In the firm's AACR poster, study authors estimated the gain in sensitivity for stage I tumors that could be seen if its immune-based approach were added to a ctDNA mutation method, protein biomarker analysis, or both, concluding that it could contribute a 20 percent sensitivity boost at the 90 percent specificity target commonly set for cancer screening tests.

Moving forward, the company is now working to extend that analysis to the methylation and fragmentomic ctDNA signals that have taken the lead over mutation profiling for blood-based cancer screening.

"What our goal is and what we think our data is showing, at least initially, is that the TCR base signal that we've identified can add [value]. We think we can help a lot of tests potentially," Yelensky said.

"That is really the big gap in the field right now," he added. "If you follow what has been published for methylation-based liquid biopsy, for example, both Guardant Health and Freenome have had great data in colorectal cancer, but … they really start to see reduced performance for stage I cancer and pre-cancers."

"What we're showing what the TCR signature suggesting right now is that it's boosting signals substantially in the earliest stage of disease. Plus, there's a suggestion that it doesn't get weaker with earlier stage, unlike ctDNA. If anything, maybe it gets a little bit stronger, which one might expect and hope from an immune-based signal because immune responses tend to be stronger when you don't have advanced cancer," Yelensky said.

"We think we can boost performance exactly where ctDNA underperforms,” he added.

Yelensky said that Serum Detect believes it can demonstrate similar results in other tumor types. The decision to start its work in lung cancer reflects the disease's position as the number one cancer killer. "Also, because it's an immune approach and lung cancer is known as a 'hot tumor,' we thought if it was going to work anywhere, it should work there."

In terms of commercial next steps, Serum Detect plans to seek out a partner or multiple partners in the ctDNA-based cancer detection space. "I think we are very open at this point to any kind of any combination," Yelensky said.

The firm also has what he called a secondary interest in developing a combined ctDNA and TCR test in house for use in patients with pulmonary nodules.

Yelensky said that the company is hoping that it will have an easy time moving forward with pilot studies pairing its TCR functional unit method with ctDNA tests because prior studies of existing mutation, methylation, and fragmentomic approaches may already have banked buffy coat samples that match the plasma samples used.
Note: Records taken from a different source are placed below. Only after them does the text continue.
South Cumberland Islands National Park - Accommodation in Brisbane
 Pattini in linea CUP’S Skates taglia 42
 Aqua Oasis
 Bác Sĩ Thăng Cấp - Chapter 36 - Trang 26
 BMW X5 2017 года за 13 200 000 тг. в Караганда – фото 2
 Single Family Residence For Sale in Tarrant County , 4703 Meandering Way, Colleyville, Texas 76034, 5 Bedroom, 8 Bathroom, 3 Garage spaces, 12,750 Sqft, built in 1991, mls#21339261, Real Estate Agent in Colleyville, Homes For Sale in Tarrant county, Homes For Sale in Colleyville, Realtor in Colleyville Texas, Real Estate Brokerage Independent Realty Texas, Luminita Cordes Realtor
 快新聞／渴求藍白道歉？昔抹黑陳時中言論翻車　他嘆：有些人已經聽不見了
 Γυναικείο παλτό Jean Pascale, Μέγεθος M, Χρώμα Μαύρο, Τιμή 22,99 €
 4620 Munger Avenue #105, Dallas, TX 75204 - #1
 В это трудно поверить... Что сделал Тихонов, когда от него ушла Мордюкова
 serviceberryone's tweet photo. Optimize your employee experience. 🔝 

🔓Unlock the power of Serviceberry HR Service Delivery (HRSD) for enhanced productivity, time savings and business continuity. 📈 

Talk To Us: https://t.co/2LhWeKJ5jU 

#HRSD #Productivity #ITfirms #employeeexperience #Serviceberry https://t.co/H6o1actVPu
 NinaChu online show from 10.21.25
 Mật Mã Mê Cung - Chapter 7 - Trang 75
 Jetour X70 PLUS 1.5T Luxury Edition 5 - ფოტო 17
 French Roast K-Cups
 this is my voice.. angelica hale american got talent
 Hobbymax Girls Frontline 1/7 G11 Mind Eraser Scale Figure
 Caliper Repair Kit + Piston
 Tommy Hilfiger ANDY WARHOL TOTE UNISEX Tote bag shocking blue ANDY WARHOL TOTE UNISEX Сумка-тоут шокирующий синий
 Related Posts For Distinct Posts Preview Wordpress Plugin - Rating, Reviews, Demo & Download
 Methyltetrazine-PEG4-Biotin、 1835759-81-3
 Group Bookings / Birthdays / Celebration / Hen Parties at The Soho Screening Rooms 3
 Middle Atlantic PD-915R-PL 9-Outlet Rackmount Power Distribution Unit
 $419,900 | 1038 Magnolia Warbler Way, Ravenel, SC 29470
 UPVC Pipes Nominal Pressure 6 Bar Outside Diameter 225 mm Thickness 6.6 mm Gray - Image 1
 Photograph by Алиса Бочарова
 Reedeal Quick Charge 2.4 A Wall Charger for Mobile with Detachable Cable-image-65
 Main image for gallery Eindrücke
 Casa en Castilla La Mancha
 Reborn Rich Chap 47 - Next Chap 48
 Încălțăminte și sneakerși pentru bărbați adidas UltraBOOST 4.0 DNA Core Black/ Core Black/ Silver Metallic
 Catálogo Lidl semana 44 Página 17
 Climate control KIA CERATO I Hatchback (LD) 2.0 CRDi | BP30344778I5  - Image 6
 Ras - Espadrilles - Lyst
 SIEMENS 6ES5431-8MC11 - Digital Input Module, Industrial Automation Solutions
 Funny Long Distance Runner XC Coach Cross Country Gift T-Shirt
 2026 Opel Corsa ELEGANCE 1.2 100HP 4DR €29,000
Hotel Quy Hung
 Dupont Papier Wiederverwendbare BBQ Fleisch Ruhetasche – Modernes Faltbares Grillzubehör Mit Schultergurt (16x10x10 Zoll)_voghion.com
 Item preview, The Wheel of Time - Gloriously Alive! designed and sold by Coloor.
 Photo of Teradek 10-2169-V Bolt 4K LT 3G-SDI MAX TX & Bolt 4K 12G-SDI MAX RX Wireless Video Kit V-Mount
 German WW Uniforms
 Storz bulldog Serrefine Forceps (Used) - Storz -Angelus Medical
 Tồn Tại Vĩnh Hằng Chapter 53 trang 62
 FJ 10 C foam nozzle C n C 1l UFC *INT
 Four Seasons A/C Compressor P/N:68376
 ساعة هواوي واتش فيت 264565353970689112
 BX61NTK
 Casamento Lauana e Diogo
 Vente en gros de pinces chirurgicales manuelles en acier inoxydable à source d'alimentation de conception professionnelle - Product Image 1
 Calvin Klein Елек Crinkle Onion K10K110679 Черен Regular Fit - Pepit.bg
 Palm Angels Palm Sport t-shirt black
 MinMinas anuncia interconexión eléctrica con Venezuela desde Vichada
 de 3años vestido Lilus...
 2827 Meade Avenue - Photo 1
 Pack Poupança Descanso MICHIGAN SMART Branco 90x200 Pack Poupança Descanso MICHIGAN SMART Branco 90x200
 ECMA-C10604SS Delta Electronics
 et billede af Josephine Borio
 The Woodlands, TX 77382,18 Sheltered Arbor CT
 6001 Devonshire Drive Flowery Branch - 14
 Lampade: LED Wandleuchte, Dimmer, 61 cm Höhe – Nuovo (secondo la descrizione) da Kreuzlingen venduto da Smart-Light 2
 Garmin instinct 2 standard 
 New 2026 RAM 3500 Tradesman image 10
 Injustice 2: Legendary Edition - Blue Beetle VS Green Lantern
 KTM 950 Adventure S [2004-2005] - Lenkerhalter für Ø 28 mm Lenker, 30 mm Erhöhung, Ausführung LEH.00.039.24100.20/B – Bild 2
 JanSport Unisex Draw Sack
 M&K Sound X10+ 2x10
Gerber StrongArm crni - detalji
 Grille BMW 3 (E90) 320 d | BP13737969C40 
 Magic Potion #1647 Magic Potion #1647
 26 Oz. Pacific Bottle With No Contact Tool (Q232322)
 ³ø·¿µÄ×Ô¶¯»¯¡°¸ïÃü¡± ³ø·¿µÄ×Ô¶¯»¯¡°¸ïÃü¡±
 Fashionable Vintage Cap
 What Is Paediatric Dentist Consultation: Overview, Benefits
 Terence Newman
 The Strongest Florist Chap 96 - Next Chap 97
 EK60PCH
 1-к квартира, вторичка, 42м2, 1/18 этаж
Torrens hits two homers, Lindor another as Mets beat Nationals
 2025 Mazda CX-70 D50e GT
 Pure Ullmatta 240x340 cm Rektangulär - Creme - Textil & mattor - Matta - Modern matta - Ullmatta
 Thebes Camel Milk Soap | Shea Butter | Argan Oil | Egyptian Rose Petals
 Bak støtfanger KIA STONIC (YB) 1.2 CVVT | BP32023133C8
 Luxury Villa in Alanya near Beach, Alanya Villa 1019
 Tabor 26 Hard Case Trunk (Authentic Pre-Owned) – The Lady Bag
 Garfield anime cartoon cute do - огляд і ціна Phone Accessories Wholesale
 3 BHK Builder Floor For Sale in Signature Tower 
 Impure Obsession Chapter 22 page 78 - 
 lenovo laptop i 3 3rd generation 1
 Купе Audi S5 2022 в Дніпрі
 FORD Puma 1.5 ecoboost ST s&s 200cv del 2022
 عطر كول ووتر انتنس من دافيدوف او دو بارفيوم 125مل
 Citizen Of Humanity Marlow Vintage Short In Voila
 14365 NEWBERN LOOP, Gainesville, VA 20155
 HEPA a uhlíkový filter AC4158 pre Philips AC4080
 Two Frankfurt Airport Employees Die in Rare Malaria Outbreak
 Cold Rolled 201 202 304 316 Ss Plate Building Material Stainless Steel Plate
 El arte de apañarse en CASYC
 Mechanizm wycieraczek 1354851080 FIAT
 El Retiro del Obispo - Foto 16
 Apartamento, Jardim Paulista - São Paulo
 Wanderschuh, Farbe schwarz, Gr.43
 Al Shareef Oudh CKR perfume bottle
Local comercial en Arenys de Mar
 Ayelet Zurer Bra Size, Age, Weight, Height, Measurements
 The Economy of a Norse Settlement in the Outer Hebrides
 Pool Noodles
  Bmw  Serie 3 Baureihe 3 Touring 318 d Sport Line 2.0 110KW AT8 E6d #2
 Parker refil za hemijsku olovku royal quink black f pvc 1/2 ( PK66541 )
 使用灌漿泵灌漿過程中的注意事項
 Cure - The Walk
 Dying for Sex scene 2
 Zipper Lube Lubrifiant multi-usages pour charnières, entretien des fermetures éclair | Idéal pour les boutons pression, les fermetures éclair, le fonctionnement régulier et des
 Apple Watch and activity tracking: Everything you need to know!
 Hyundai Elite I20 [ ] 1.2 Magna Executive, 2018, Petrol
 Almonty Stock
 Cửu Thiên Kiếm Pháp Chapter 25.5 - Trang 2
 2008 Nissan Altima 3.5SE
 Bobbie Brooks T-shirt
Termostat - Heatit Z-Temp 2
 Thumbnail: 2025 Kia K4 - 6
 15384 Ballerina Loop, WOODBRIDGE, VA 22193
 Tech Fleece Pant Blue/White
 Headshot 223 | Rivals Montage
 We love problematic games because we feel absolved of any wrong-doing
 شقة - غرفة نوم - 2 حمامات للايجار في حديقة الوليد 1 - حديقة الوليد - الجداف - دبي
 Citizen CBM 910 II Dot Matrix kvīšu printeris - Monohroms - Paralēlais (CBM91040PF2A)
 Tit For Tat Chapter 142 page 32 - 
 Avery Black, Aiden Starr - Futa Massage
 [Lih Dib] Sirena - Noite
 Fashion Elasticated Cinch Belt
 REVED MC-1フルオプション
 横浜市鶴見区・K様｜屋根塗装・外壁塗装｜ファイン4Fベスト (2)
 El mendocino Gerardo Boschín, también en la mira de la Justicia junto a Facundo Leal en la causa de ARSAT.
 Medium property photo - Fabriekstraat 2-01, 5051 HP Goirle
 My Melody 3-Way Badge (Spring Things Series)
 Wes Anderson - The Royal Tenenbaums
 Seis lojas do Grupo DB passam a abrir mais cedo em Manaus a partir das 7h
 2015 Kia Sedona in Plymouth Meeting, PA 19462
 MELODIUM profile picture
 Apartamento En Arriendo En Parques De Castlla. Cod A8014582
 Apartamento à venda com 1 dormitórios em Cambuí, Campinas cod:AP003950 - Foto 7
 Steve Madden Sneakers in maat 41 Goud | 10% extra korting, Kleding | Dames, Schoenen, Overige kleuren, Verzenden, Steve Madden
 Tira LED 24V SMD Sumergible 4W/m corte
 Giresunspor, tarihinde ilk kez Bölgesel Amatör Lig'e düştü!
"It's further validation for the TCR score, but at the same time it also answers this important question of, does the TCR score add signal to whatever the ctDNA application may be," he said.

Serum Detect hasn't yet disclosed any of its fundraising results. Yelensky said the firm has been "focusing on the science" and is funded sufficiently to now shift toward partnership conversations and hopefully collaborative studies. After that, it will be looking to raise more in the future for expansion and in-house development efforts.